Short web captions:
• • •

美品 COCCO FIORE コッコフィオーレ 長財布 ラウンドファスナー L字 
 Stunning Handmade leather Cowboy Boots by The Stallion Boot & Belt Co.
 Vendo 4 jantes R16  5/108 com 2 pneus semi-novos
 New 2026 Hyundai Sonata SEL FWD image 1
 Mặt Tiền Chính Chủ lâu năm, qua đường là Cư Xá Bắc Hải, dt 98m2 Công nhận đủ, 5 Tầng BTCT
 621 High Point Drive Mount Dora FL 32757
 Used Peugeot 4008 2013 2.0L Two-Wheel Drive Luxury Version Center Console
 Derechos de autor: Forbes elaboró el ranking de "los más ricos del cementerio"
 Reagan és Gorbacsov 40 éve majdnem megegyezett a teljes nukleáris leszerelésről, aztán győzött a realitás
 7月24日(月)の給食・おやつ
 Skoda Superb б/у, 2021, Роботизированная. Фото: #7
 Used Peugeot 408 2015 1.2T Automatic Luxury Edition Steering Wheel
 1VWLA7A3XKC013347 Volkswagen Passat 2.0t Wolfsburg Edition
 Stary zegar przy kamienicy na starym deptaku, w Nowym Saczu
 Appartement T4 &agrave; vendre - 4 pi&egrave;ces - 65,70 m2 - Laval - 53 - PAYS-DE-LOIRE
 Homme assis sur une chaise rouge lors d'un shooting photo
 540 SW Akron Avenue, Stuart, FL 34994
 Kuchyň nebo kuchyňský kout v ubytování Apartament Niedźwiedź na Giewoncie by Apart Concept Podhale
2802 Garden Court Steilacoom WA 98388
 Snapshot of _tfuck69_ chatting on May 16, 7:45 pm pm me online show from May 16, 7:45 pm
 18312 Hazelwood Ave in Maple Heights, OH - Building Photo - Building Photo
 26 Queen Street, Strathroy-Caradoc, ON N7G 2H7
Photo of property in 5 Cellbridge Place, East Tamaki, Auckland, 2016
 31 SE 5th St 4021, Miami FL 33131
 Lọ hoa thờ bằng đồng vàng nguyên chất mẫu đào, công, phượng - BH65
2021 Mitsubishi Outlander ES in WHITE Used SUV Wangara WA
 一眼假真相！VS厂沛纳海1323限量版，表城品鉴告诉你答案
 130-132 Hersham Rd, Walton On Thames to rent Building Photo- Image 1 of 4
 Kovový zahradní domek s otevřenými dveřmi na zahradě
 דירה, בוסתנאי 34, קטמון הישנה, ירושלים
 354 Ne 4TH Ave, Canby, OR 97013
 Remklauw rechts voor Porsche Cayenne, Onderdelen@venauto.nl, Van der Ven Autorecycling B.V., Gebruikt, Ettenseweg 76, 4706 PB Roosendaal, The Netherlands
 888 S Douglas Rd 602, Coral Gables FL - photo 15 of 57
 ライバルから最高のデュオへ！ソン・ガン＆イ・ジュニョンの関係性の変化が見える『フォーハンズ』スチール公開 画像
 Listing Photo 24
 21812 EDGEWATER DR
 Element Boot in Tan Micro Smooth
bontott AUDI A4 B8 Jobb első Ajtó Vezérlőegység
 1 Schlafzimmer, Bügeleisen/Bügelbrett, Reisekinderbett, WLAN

• • •

> _Work task_:
Transcribe only what runs from the line with "Homme assis sur" to the last line above, keeping every line exactly as written.

> _Solved exercise_:
 Homme assis sur une chaise rouge lors d'un shooting photo
 540 SW Akron Avenue, Stuart, FL 34994
 Kuchyň nebo kuchyňský kout v ubytování Apartament Niedźwiedź na Giewoncie by Apart Concept Podhale
2802 Garden Court Steilacoom WA 98388
 Snapshot of _tfuck69_ chatting on May 16, 7:45 pm pm me online show from May 16, 7:45 pm
 18312 Hazelwood Ave in Maple Heights, OH - Building Photo - Building Photo
 26 Queen Street, Strathroy-Caradoc, ON N7G 2H7
Photo of property in 5 Cellbridge Place, East Tamaki, Auckland, 2016
 31 SE 5th St 4021, Miami FL 33131
 Lọ hoa thờ bằng đồng vàng nguyên chất mẫu đào, công, phượng - BH65
2021 Mitsubishi Outlander ES in WHITE Used SUV Wangara WA
 一眼假真相！VS厂沛纳海1323限量版，表城品鉴告诉你答案
 130-132 Hersham Rd, Walton On Thames to rent Building Photo- Image 1 of 4
 Kovový zahradní domek s otevřenými dveřmi na zahradě
 דירה, בוסתנאי 34, קטמון הישנה, ירושלים
 354 Ne 4TH Ave, Canby, OR 97013
 Remklauw rechts voor Porsche Cayenne, Onderdelen@venauto.nl, Van der Ven Autorecycling B.V., Gebruikt, Ettenseweg 76, 4706 PB Roosendaal, The Netherlands
 888 S Douglas Rd 602, Coral Gables FL - photo 15 of 57
 ライバルから最高のデュオへ！ソン・ガン＆イ・ジュニョンの関係性の変化が見える『フォーハンズ』スチール公開 画像
 Listing Photo 24
 21812 EDGEWATER DR
 Element Boot in Tan Micro Smooth
bontott AUDI A4 B8 Jobb első Ajtó Vezérlőegység
 1 Schlafzimmer, Bügeleisen/Bügelbrett, Reisekinderbett, WLAN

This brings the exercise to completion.